Al tratar de implementar esta línea técnica con el pueblo kankuamo, rápidamente se hizo evidente la ruptura del imaginario legal y político de los burócratas profesionales con el de los militantes y las comunidades. No solo no había protocolos listos, sino que las condiciones presupuestales que permitirían los procesos de negociación no eran claros para los funcionarios. Paradójicamente, para la llegada de los funcionarios, la comunidad ya había identificado cuáles eran sus necesidades sociopolíticas y culturales actuales, y las posibles formas de abordar algunas de estas con ayuda de la Unidad. Después de dos talleres llevados a cabo con miembros y representantes de la comunidad kankuama, se planearon acciones de educación jurídica, formación política, fortalecimiento organizacional y apropiación territorial, pero presentadas como medidas de satisfacción. Esta reunión se parecía más a una negociación política que a una reunión técnica. Discutieron la posibilidad de desarrollar y fortalecer la comunidad indígena, de la misma manera que a los grupos indígenas de la región del Cauca (sur de Colombia), por supuesto, con diferentes antecedentes políticos y organizativos. Al final, los servidores públicos de la Unidad proyectaron una matriz en Excel en una sábana que servía de pantalla y definieron cada acción en el calendario de actividades con los miembros de la comunidad. Tomó un día y una sesión extra con las autoridades kankuamas para aprobar esta versión final y las pautas a seguir. Estos encuentros con el Estado, aunque cargados de jerga burocrática, revelaban una gran cantidad de trabajo social, organización y negociación. Para alcanzar la especificidad de dichos acuerdos, los miembros de la comunidad discutían los pros y los contras y por qué estas medidas eran fundamentales para la reconstrucción de la cultura y la legitimidad kankuama, a los ojos de las autoridades y actores armados locales.
Desafortunadamente, como ocurría con la mayoría de estos procesos, después de los diferentes encuentros, talleres y reuniones no se podía dar continuidad a lo establecido. Mientras la Defensoría del Pueblo no hiciera la inscripción del pueblo kankuamo en el Registro Único de Víctimas (RUV) no era posible iniciar la implementación de lo establecido. El pueblo kankuamo había estado esperando este primer paso durante mucho tiempo y la Defensoría del Pueblo les había fallado nuevamente. Por otra parte, las autoridades tradicionales tenían muchas dudas respecto de la creación de una guardia indígena al estilo de los indígenas caucanos. Por este motivo, decidieron tener una discusión interna antes de iniciar un proceso formal con la Unidad.

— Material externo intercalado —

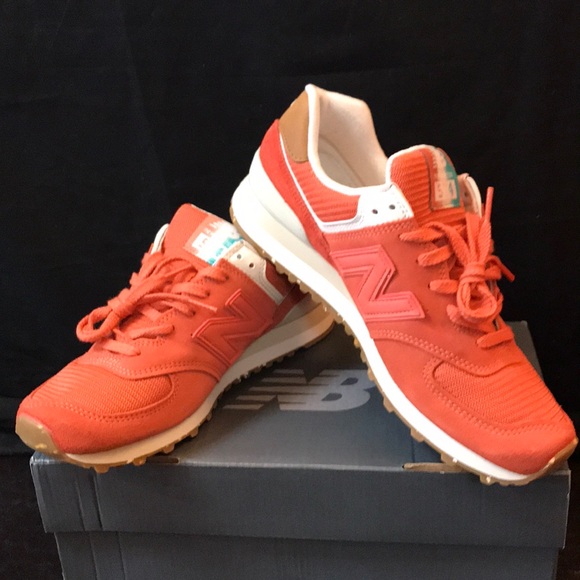 new balance wl574xea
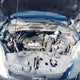 5J6RE4H59BL043182 2011 Honda Cr-V Ex auction photo thumbnail 10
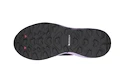 Chaussures de running pour femme Mizuno  Wave Daichi 7 Pastel Lilac/Wisteria/Sun Kissed Coral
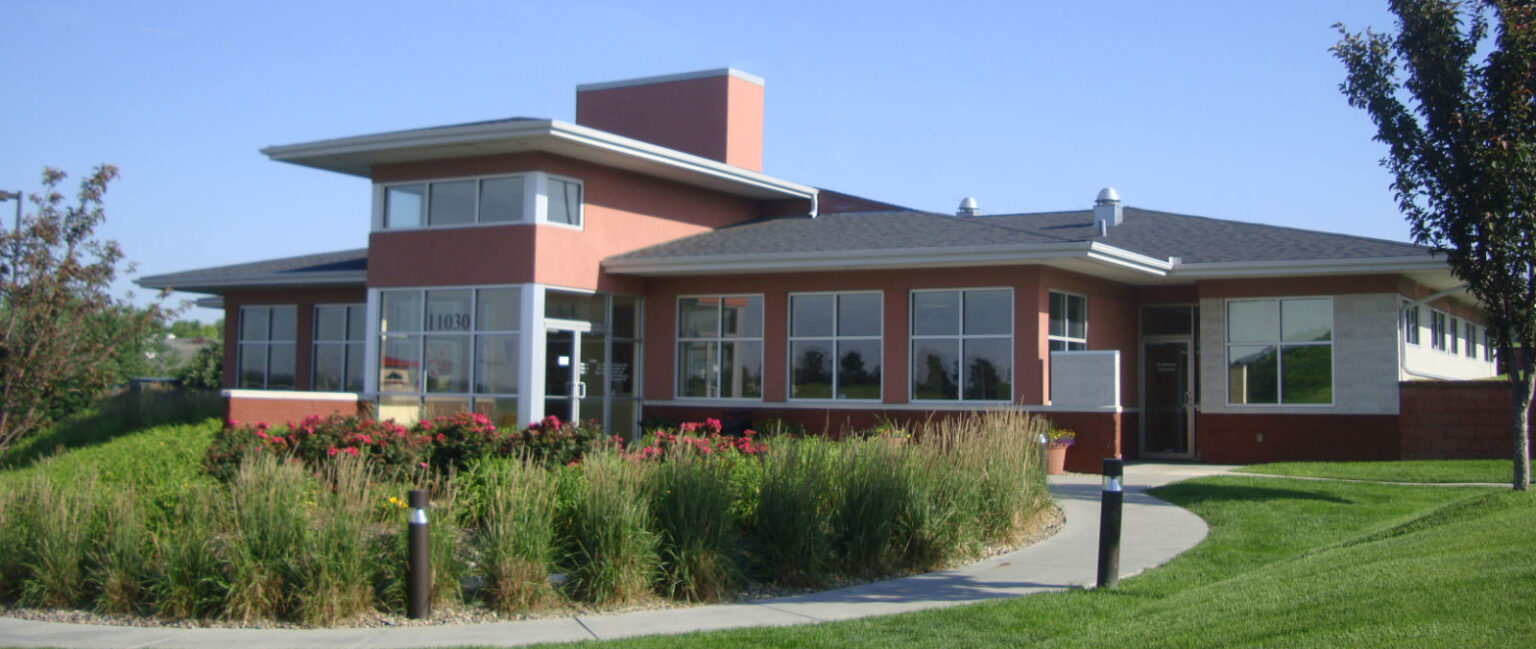 Animal Hospital & Veterinarian in Omaha, NE American Animal Hospital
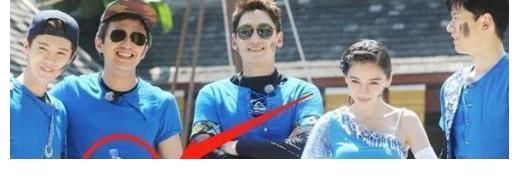 邓超|更年期女性最大的变化是什么?医生直言:多会出现3个变化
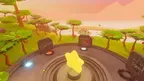 Munkie All-Stars screenshot 2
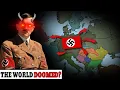What if The Axis won WW2 Project Victory of Evil Episode 1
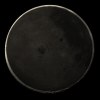 New Moon 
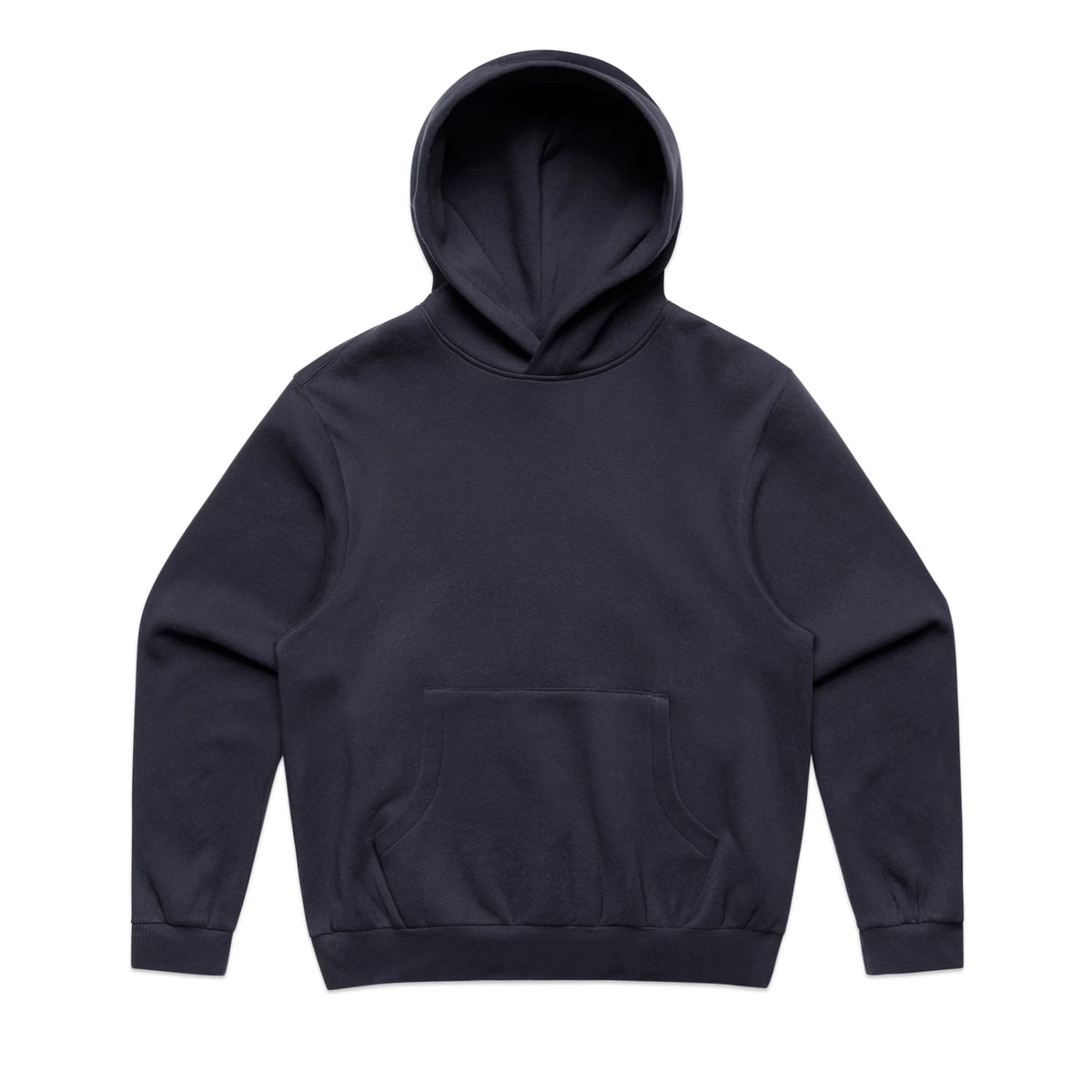 AS Colour Box Hood 5171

Como se ve, las prácticas tecnopolíticas de reparación se configuran y movilizan de manera superpuesta y contradictoria. Los expertos ven en la demanda técnica el lugar ético-político más adecuado, mientras que los burócratas-militantes revelan la fragilidad de las estructuras de poder técnico movilizadas por abogados y profesionales a la hora de implementar políticas humanitarias y de desarrollo. Si bien la dimensión técnica es requerida para la estandarización, la sistematización, la legitimación, el seguimiento y la rendición de cuentas (dimensión a veces subestimada por los funcionarios militantes), la implementación de la política no es posible sin la movilización y la negociación política con las comunidades; y sobre todo, en este caso, con otras instituciones del Estado, como veremos en la siguiente sección, relacionada con el reto de la articulación y el fortalecimiento institucional.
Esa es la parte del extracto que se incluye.